Once again the Future of Storytelling Prize is awarding $10K. To me, it looks likely to favor fairly glossy, video-like projects over traditional IF or games, but I suppose you never know.

Much sooner and with much lower stakes, Bring Out Your Dead opens for entries June 18. This is an opportunity to share unfinished, abandoned or experimental work that you think others in the IF community might like to know about.

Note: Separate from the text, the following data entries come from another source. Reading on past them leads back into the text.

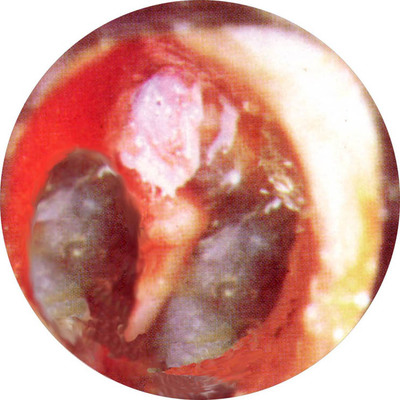 胆脂瘤型中耳炎手术治疗回忆+手术检查流程回忆 胆脂瘤中耳炎微创手术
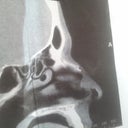 brake...  this one image doesn't do it justice!  you should see the whole C-scan!  WOW
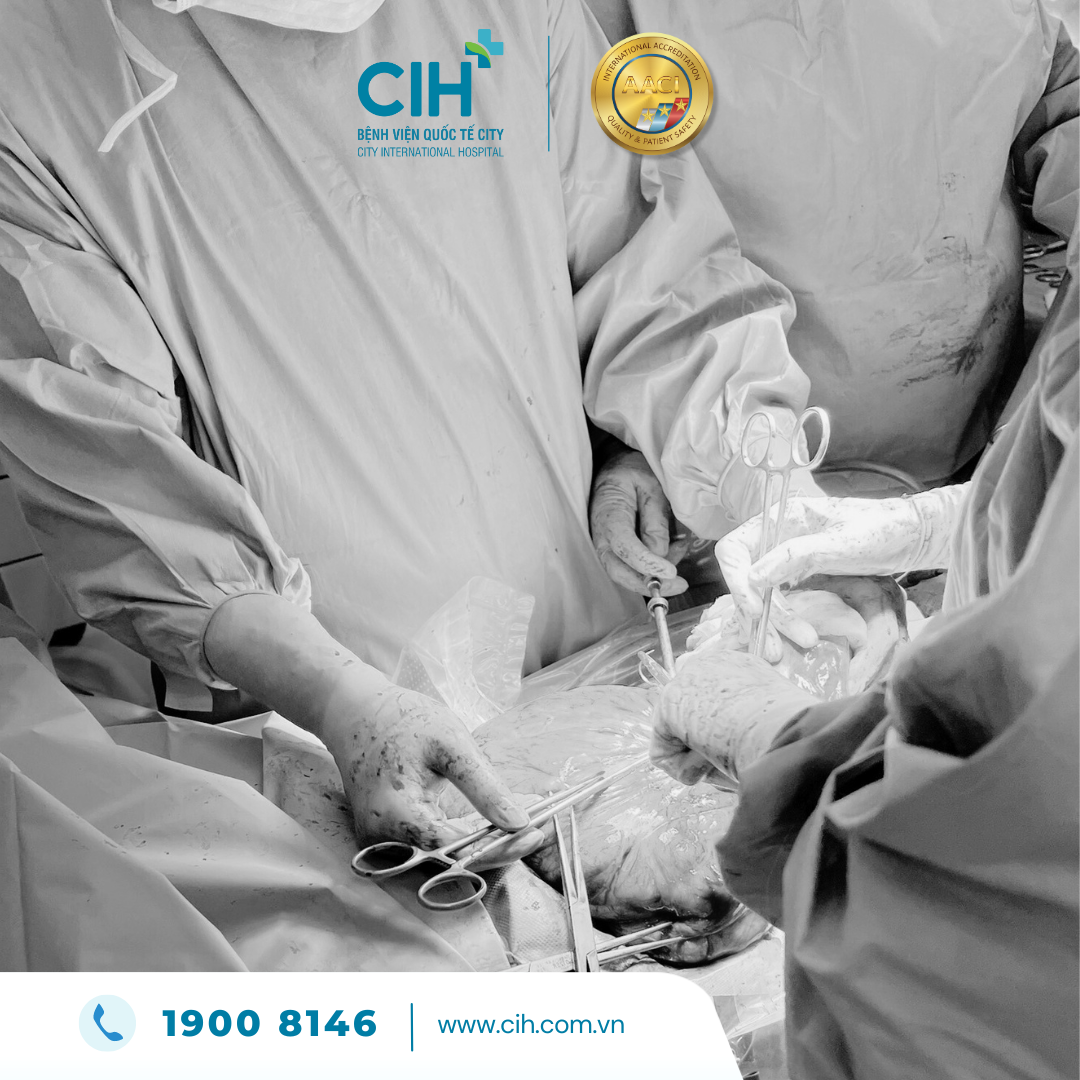 Khối u siêu to 1,5 kg chèn ép thai nhi - phẫu thuật thành công mổ sih và bóc tách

If your WIP is more alive than dead, on the other hand, you might be interested in Introcomp, a competition for the opening sections of non-commercial IF works. Introcomp has been running for fourteen years now, and offers a chance to get some early player feedback about how well your hook is working, what is promising or otherwise about the gameplay, etc.

New Releases

I released a small parser puzzle game set in the universe of Brain Guzzlers from Beyond! called The Mary Jane of Tomorrow. If you like procedural text generation and/or fanfic of existing IF works, it might interest you.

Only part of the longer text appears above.